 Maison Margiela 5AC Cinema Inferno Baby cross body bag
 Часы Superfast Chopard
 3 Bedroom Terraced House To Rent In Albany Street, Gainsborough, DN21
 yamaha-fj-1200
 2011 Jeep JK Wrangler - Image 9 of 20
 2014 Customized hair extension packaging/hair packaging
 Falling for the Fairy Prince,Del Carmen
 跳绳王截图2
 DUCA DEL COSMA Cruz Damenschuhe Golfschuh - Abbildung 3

—————

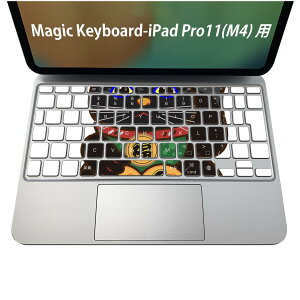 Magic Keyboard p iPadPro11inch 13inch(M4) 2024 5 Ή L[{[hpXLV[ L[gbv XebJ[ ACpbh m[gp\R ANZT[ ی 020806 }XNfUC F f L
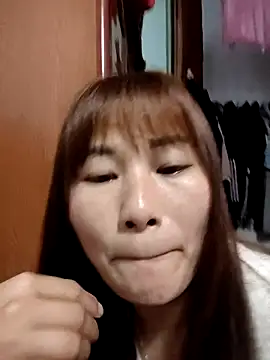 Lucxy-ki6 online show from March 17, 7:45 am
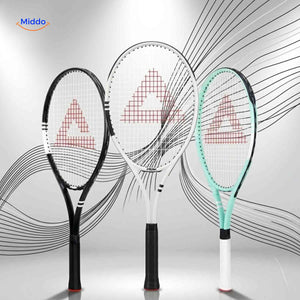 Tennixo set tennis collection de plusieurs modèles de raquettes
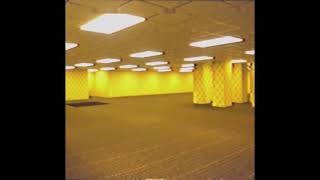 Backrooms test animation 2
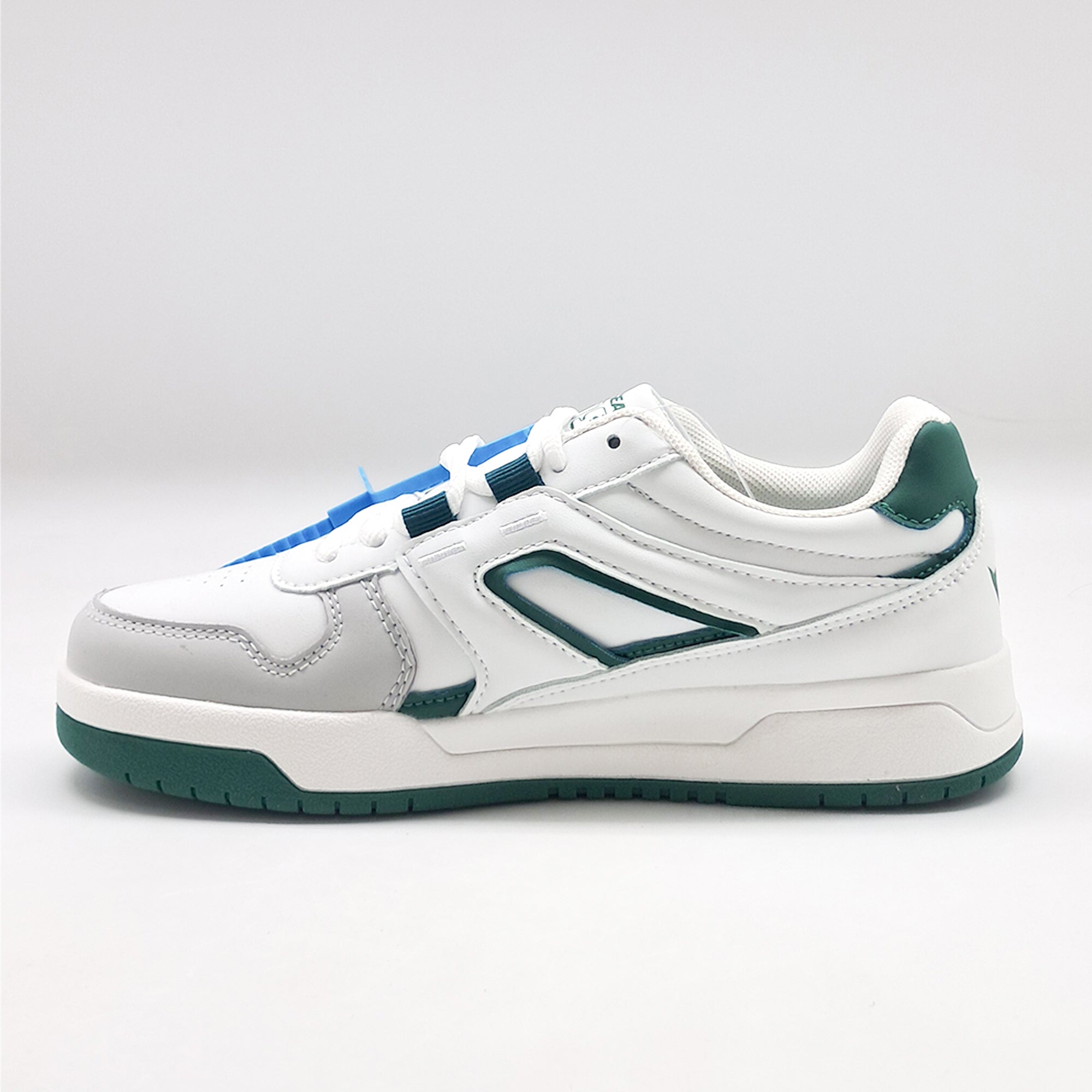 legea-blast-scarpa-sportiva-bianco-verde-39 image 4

—————

▶ What needs to be done:
Exact duplication is required for the lines above, from the line that contains "Maison Margiela 5AC" to the line that contains "DUCA DEL COSMA", inclusive; omit all others.

▶ Answer area:
 Maison Margiela 5AC Cinema Inferno Baby cross body bag
 Часы Superfast Chopard
 3 Bedroom Terraced House To Rent In Albany Street, Gainsborough, DN21
 yamaha-fj-1200
 2011 Jeep JK Wrangler - Image 9 of 20
 2014 Customized hair extension packaging/hair packaging
 Falling for the Fairy Prince,Del Carmen
 跳绳王截图2
 DUCA DEL COSMA Cruz Damenschuhe Golfschuh - Abbildung 3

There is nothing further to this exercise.